鮮やかなパステルカラーの空に、燦然さんぜんと輝くオーロラ、そんなところだ。



 気づくと足に地面の感触が当たる。


《空に落ちていたような気がしたんだけど…》


『似たようなもんだ。ここはジュリのいた場所とは、正反対に位置するところだ』


「正反対?裏側にある世界?」


『ま、そんなもんだ。つまり、上下左右すべてが逆さまな世界なのさ』


ーーーーー25ーーーーー


それってつまり…


「パラレルワールドってことね」


『残念!!ちょっと惜しいけど、だいぶ違う』


「じゃあ、どういうこと?」


『そんなに知りたいのかぁ?』


 この猫は可愛いやつだが、もったいぶるところがあるようだ。


ぷぅ


 樹里はマンガの主人公のように、頬を膨らませてふてくされた。


『すげー顔!まぁ、オレからは詳しく説明してやれないから、後は夢喰様に聞いてくれ』


“ 何を ”と言おうとしたが、あまりの威圧感に押し黙ってしまった。


 目の前にはこの世のものとは思えないほど美しく荘厳なきゅうで…もとい。みすぼらしい小さなBARがあった。

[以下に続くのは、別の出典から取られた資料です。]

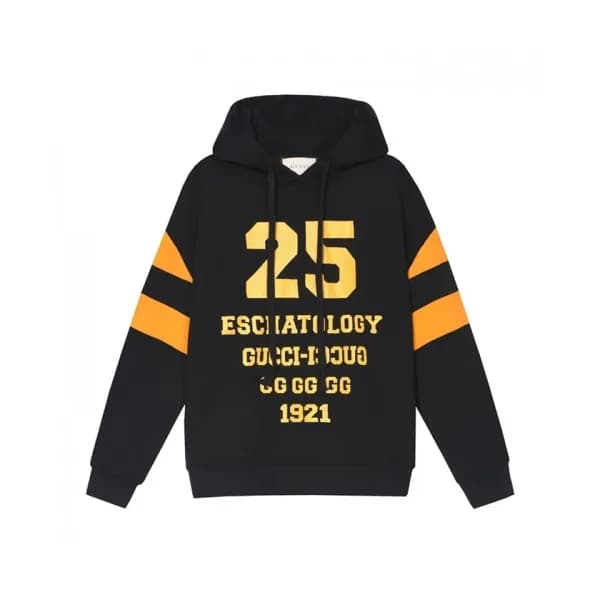 Gucci Mm/Wm Logo Casual Hoodie Black - 구찌 2021 남/… - 1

建物は今にも崩れ落ちそうな有り様だし、看板なんて何が書いてあるか判別できるのは店主くらいであろう。


「…いちおう聞くけど、まさかここじゃないよね?」


『いちおう言うが、まさかのここだぜ』


 樹里はまったくの期待外れだと思った。それどころか、完全に期待を裏切られた。


目の前の建物のみにくさは、オーロラのように美しい空に、この口は悪いが見た目は美しい黒猫からは到底想像できなかった光景だ。


『さらに言っておくと、何もかもジュリのせいなんだからな』


言いがかりである。


少なくとも、このときの樹里にはそうとしか考えられなかった。